Create a data quality monitor

Follow the steps below for continuously monitoring the data quality of time series.

Step 1. Create a monitor

  1. Navigate to fusion.cognite.com.

  2. Select Managed and configure > Configure time series quality monitoring.

  3. Select + Create.

  4. Enter a name and a description to indicate what the monitor will be used for or the data the monitor includes.

  5. Enter up to 5 email addresses for users that can edit the monitor.

  6. Select Create to create the monitor.

Step 2: Create rule sets

Group time series with similar data quality requirements into rule sets, and add as many rule sets as you need.

  1. On the Time series tab, select + Add new rule set to create a rule set and start adding data to your monitor.

  2. Search, filter, and select the time series you want to add to your rule set.

  3. Select Add to monitor.

  4. Select Add more to add or remove time series, or Go to monitor to view the data in your monitor.

Note

Each monitor can contain a maximum of 500 time series, and each rule set a maximum of 150 time series.

Step 3. Add data quality monitoring to rule sets

Add data quality monitoring to a rule set to specify the data quality requirements for a group of time series.

  1. On the Rules tab, select Add rules to specify the quality requirements for the time series in the rule set.

  2. Define the time window that matches the requirements of your data science model or application. The time window specifies how far back the data quality monitor should check that the selected time series meet the data quality requirements.

    Note

    The time window has to be between 1 minute and 3 hours. We recommend that you specify a time window between 1 minute and 30 minutes.

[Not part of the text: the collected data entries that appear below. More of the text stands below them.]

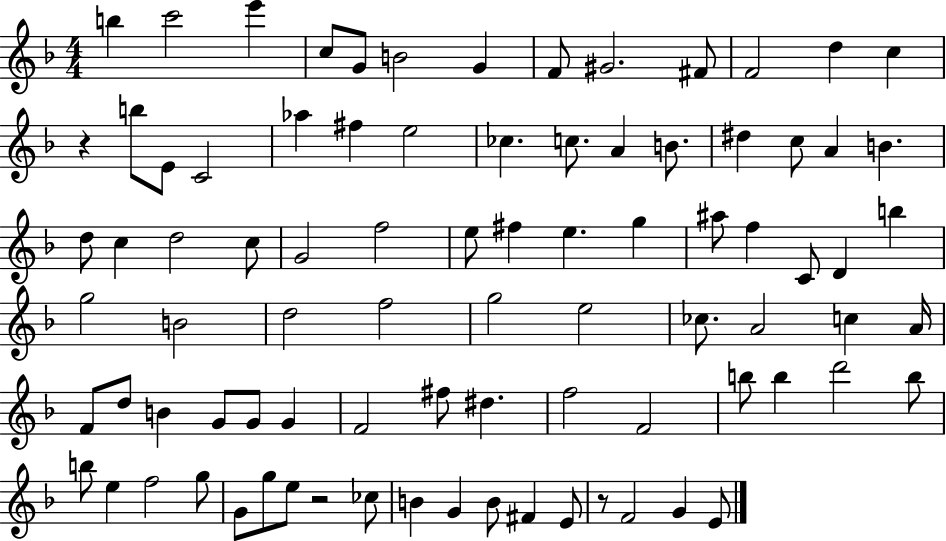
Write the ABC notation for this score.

X:1
T:Untitled
M:4/4
L:1/4
K:F
b c'2 e' c/2 G/2 B2 G F/2 ^G2 ^F/2 F2 d c z b/2 E/2 C2 _a ^f e2 _c c/2 A B/2 ^d c/2 A B d/2 c d2 c/2 G2 f2 e/2 ^f e g ^a/2 f C/2 D b g2 B2 d2 f2 g2 e2 _c/2 A2 c A/4 F/2 d/2 B G/2 G/2 G F2 ^f/2 ^d f2 F2 b/2 b d'2 b/2 b/2 e f2 g/2 G/2 g/2 e/2 z2 _c/2 B G B/2 ^F E/2 z/2 F2 G E/2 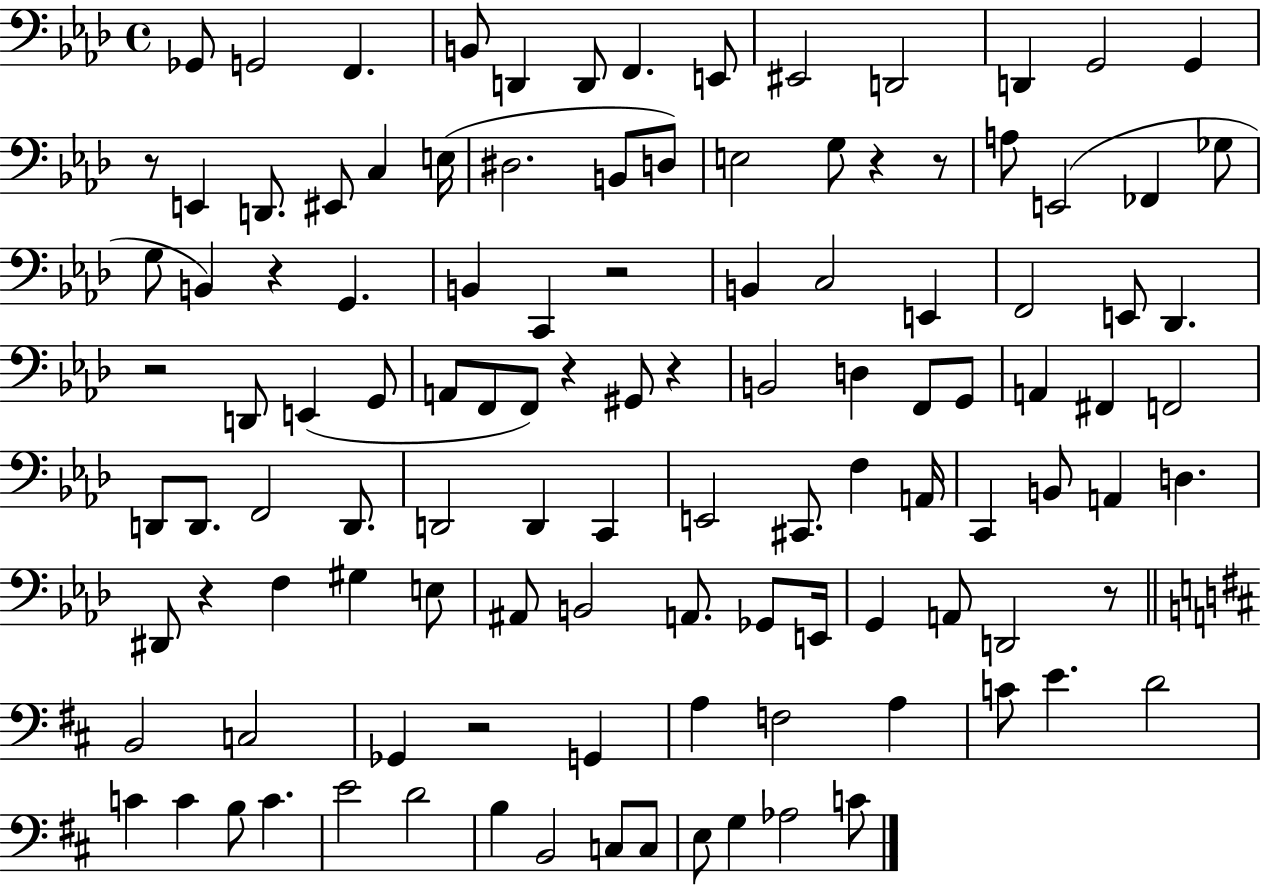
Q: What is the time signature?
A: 4/4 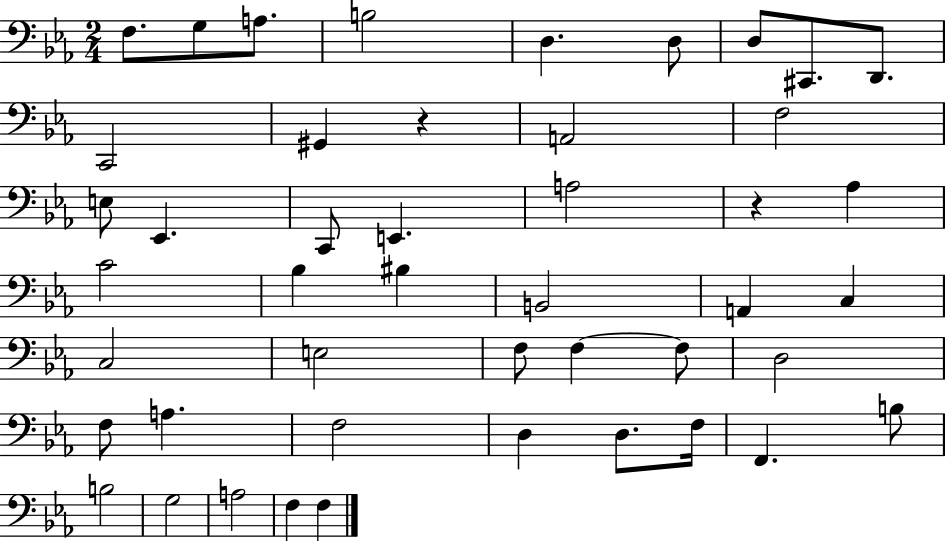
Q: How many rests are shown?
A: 2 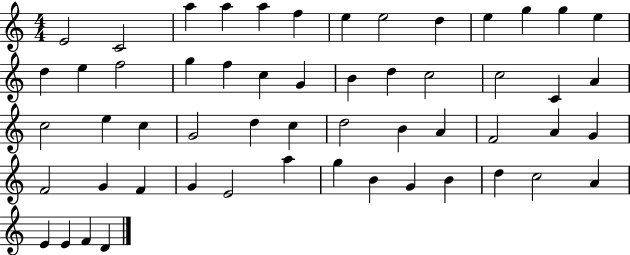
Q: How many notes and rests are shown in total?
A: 55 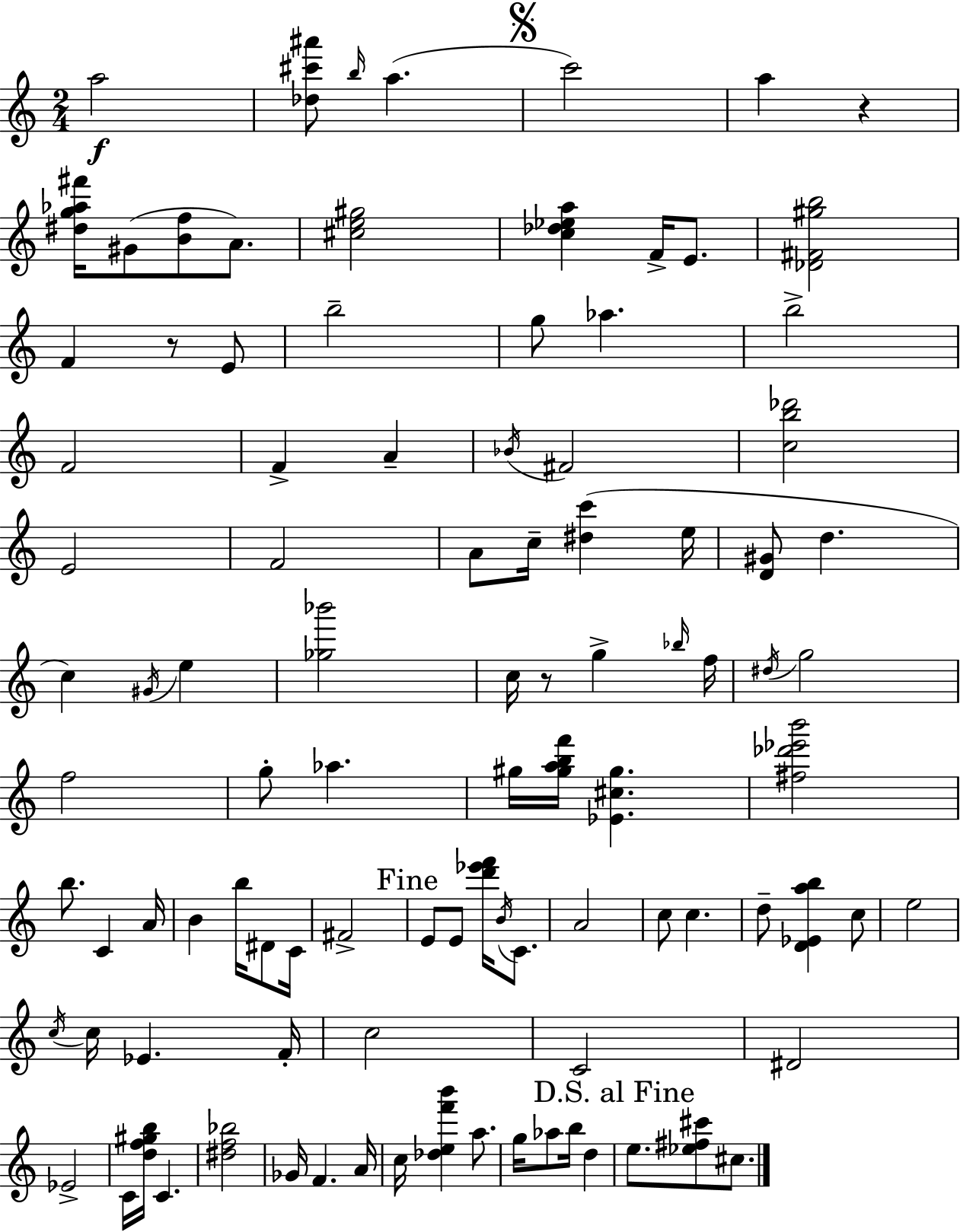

  3. Select the data quality rules.

    Different models and apps have different data quality requirements and will need to be monitored for different aspects of data quality. Select which data quality rules to apply to the time series in each rule set:

    • Max age of the last data point - checks that the latency is acceptable for each of the time series in the rule set.
    • Max distance between data points - monitors the gap between any two data points in each of the time series in the rule set.
    • Min number of data points - checks that the number of data points in the defined time window is high enough for each of the time series in the rule set.
    • Max value - checks that the data points are below a max value for each of the time series in the rule set.
    • Min value - checks that the data points are above a minimum value for each of the time series in the rule set.
  4. Set up notifications.

    Specify the email addresses or a webhook URL to notify if the data quality fails to meet the requirements and when data quality returns to normal.

    A webhook lets an app provide other applications with real-time information. You can use a tool like Opsgenie to receive the notification and pass it on to the relevant recipients through email or other mediums.

    Add notifications
  5. Select Apply.